Background information
- Also known as: East LA Tek, Sycophant Slags, Indigo Kidz
- Born: Richard West 2 January 1965 (age 61) Mile End, London
- Origin: Holloway, London, England
- Genres: House, electronic, dub, tech house
- Occupations: Singer, rapper, record producer, DJ, actor
- Years active: 1987–present
- Labels: Superfreq, Get Physical Music, Poker Flat, Adjunct Audio, Wagon Repair

= Mr. C =

English DJ (born 1965)

Richard West (born 2 January 1965), known as Mr. C, is an English house music DJ, producer and rapper. He was the resident DJ at the early acid house "RIP" nights at Clink Street, London, and later was the co-owner/co-founder of London's The End nightclub.

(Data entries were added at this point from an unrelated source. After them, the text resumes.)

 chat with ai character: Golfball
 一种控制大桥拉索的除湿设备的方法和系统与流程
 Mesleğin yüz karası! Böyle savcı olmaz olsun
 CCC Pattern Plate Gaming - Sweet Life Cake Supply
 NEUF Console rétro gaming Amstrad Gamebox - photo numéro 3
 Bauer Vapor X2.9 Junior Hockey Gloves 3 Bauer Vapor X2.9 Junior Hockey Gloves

West was the frontman for The Shamen during their most commercially successful era. He is a proponent of tech house, a fusion of house and techno music.

==Career==
West was born in London in 1965. He started MCing in the London clubs aged 16 and earned a reputation as a fast-talking, vivacious rapper working with LWR radio's Ron Tom, Jasper the Vinyl Junkie and Jazzy M. He joined with Colin Faver and Evil Eddie Richards to become resident rapper at Camden Palace. West recorded his first deep house track with Eddie Richards as Myster-E, "Page 67", which was released in August 1987.

This inspired West to become a DJ in late 1987. He has since organised, promoted and been resident DJ at: Fantasy (1988), Base (Dungeons 1989), Release (1991), Harmony (1992), Drop (1993), Cyclone (1994), Vapourspace (1994 and 1995), Flavour (The End, 1995 and 1996), Subterrain (The End, 1995–2002), Superfreq (worldwide 2002–present) and Super Disco Freq (LA, 2010–present).

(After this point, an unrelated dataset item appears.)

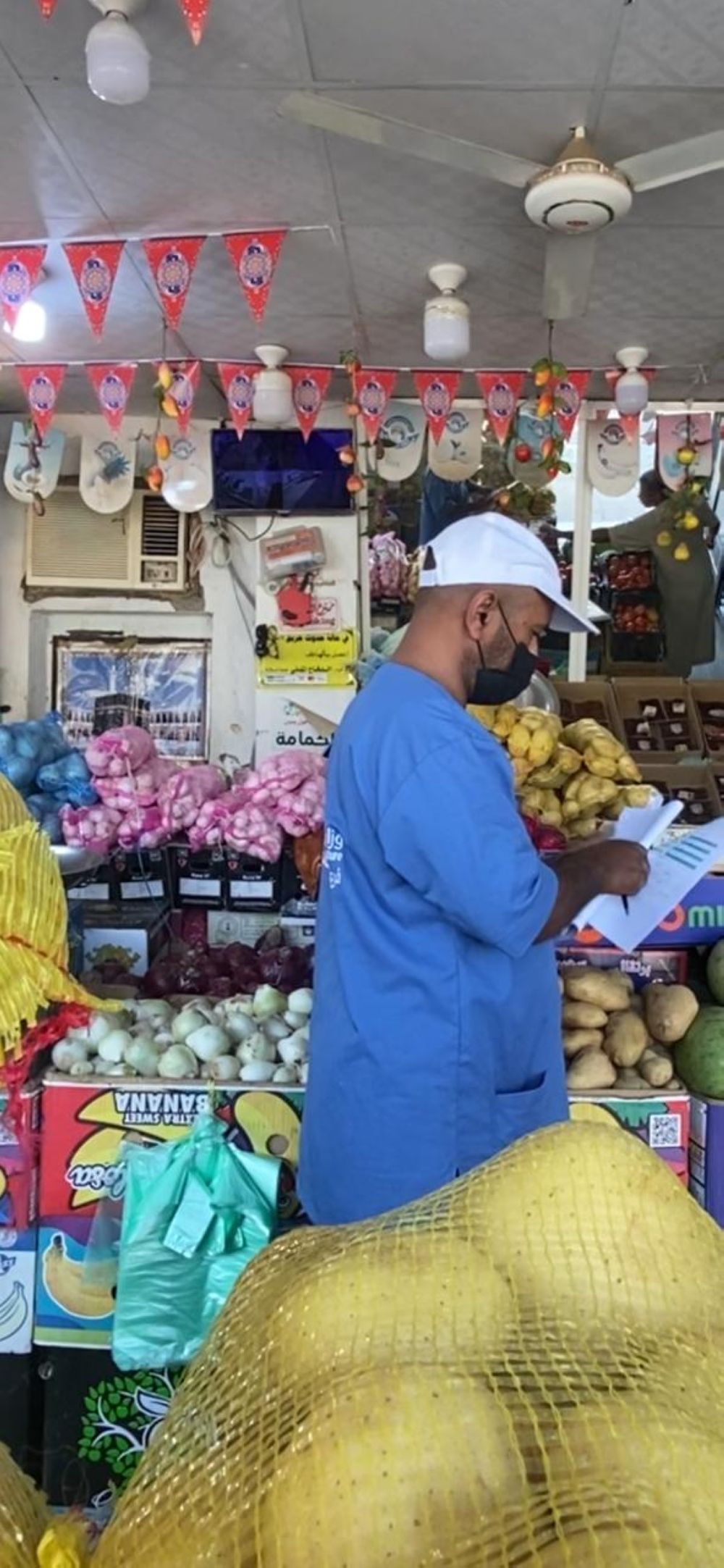 القنفذة.. رقابة صارمة على أسواق اللحوم والخضراوات قبل رمضان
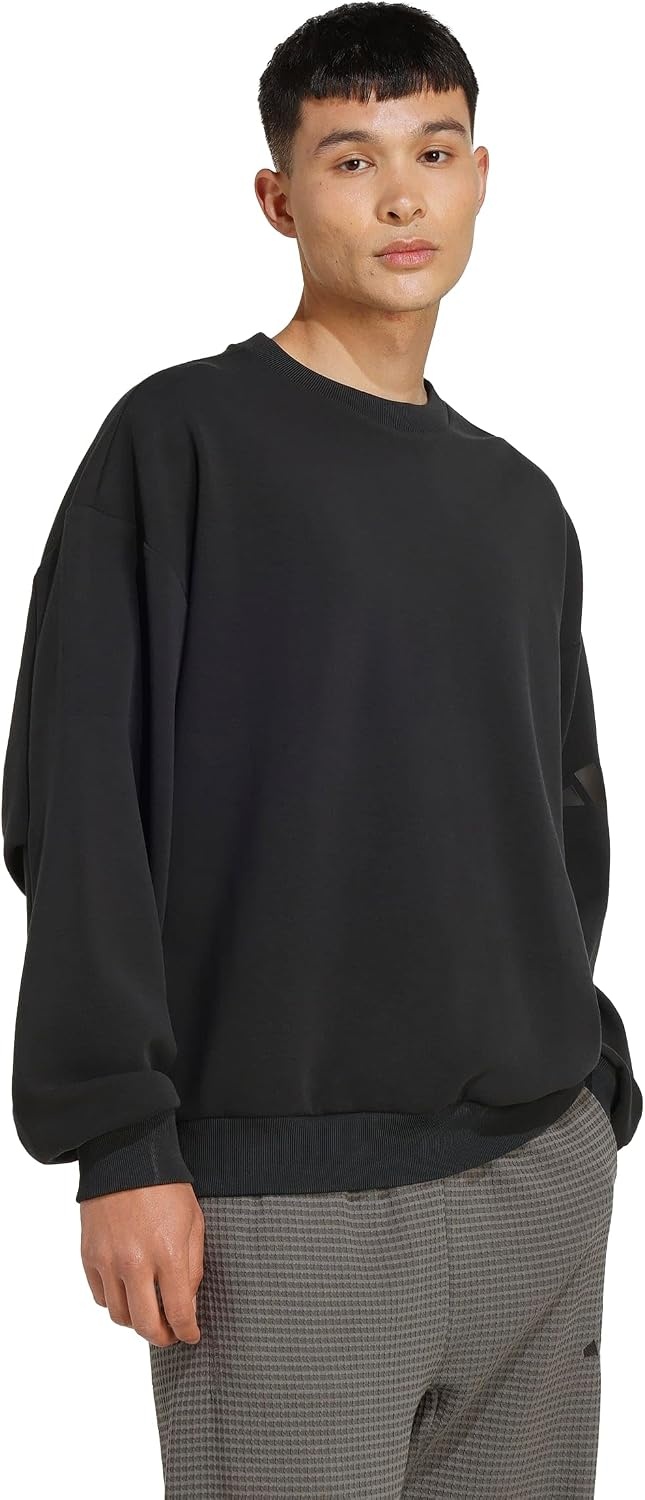 image:imageadidas Soft Lux SweatshirtBlack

In December 1995 West opened the night club The End in London with Partner Layo Paskin (of Layo & Bushwacka!) and AKA bar three years later, which had its 23rd anniversary in December 2018. West is founder and owner of Plink Plonk records, co-founder of End Recordings and co-founder and owner of the Superfreq label.

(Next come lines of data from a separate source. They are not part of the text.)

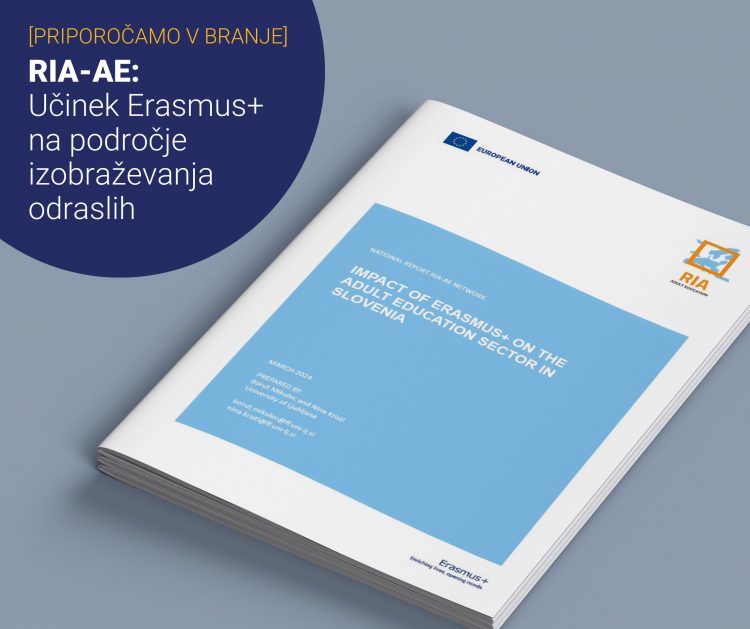 Raziskava učinkov programa Erasmus+ za izobraževanje odraslih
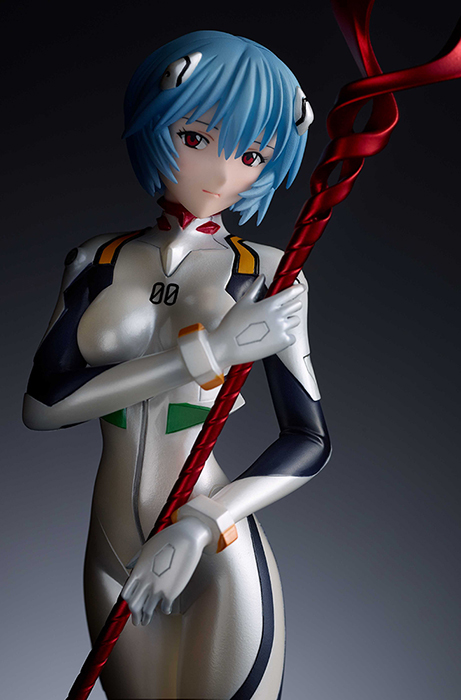 Rei Ayanami Pearl Color Plugsuit Style Version DreamTech | Rebuild of Evangelion | Wave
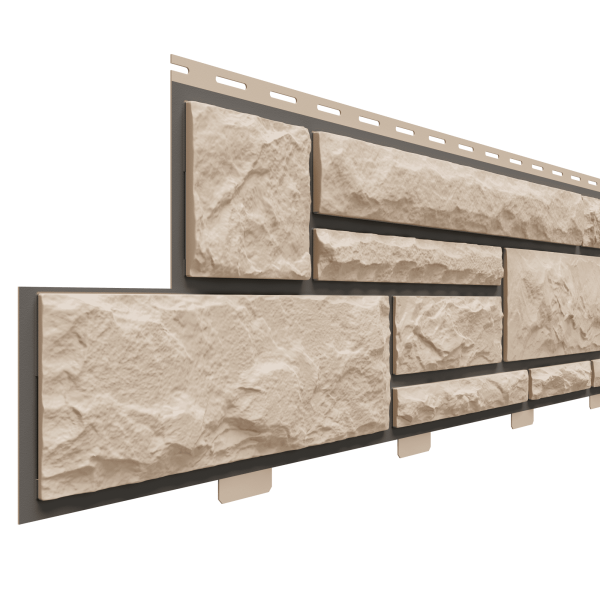 Фасадная панель Доломит, Брусчатка Доломит Орех (2м) купить в Нарткале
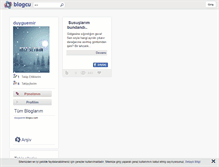 Tablet Screenshot of duyguemir.blogcu.com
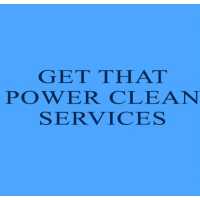 Get That Power Clean Services Logo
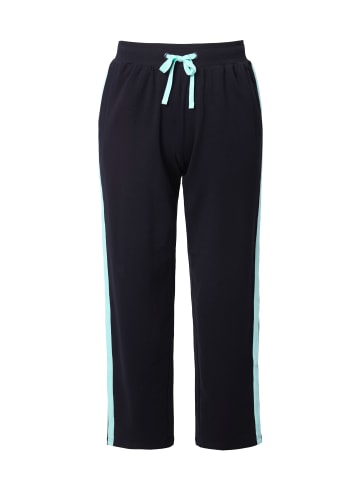 Ulla Popken Jogginghose in schwarz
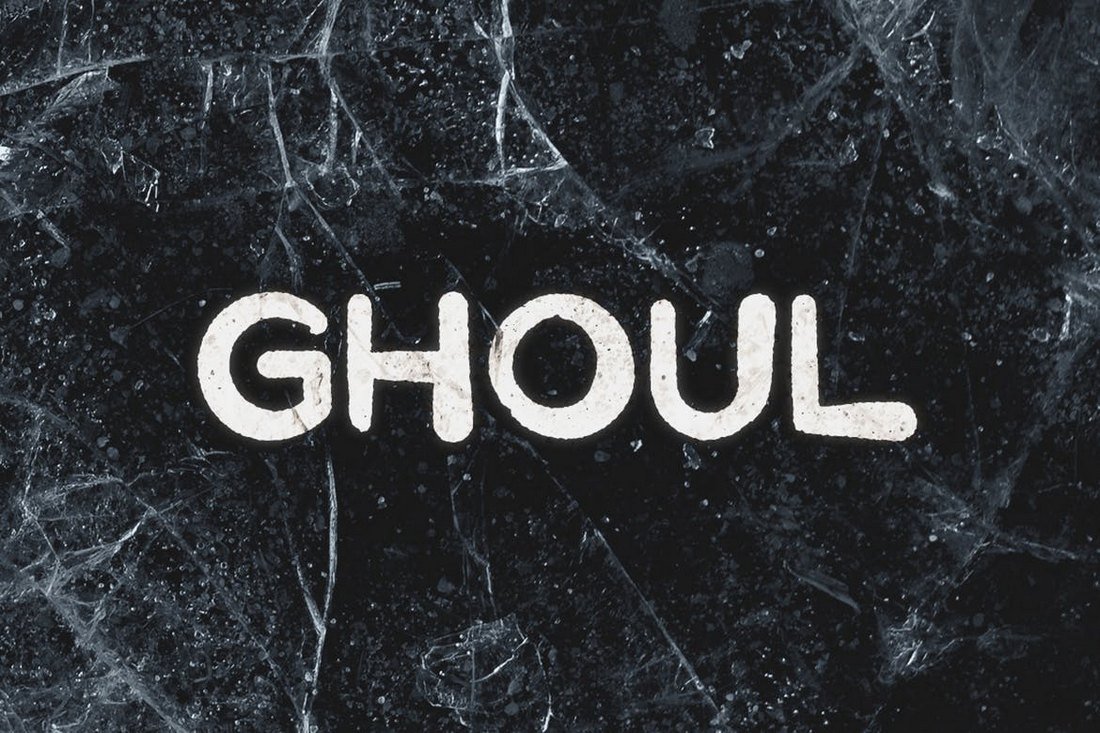 Ghoul - Spooky Halloween Font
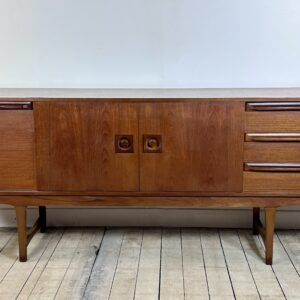 Enfilade scandinave Danemark en teck 1960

He has recorded under the names Myster-E, Unity 2, Nu Jacks, Bass Bureau, Mantrac, Somnambulist, Animus Amour, Killer Loop, Mr. C and Tom Parris, Mr. C and 16B and the Sycophant Slags. West is best known as frontman of The Shamen with whom he achieved a string of top 10 hits including "Move Any Mountain" and the UK number 1 hit "Ebeneezer Goode". In 1995 he created the mix album Fantazia DJ Collection 3 – Back to the Old Skool.

He has also released mix albums Psycotrance vol 1, X-Mix 6 on Studio K7, Sunterrain 100% Unreleased on his End recordings imprint and most recently Superfreq Express on his Superfreq label. West now records solo as Mr. C and collaborates as the Sycophant Slags with Francis Harris aka Adultnapper, as the Indigo Kidz with Affie Yusuf, with [[Apendics.shuffle|[a]pendics.shuffle]] and with Omid 16b.

He has released on Poker Flat, Wagon Repair Records, Get Physical Music and Adjunct Audio. He has released a solo EP titled "I'm gonna Give You Some" and the albums Smell The Coffee and Incidents. He has collaborated with Affie Yusuf, Omid 16b and [a]pendics.shuffle. He has remixed for Mikael Stavöstrand and David Scuba, Francis Harris, Xo Chic, Joint Custody & Affie Yusuf. His "Soulfuric" track was released on Alola and his "Liquid Acid" track was released on DJ Pierre's Acid 88 album on Afro Acid.

===Superfreq record label===
Superfreq released eight EPs from various artists and one mix-set by Mr. C, but had then been a dormant record label since 2006. Superfreq relaunched in February 2013 and has since released prolifically with forty digital EPs and two albums.

==Personal life==
West is married to the Mexican actress and model Xochitl Marbach.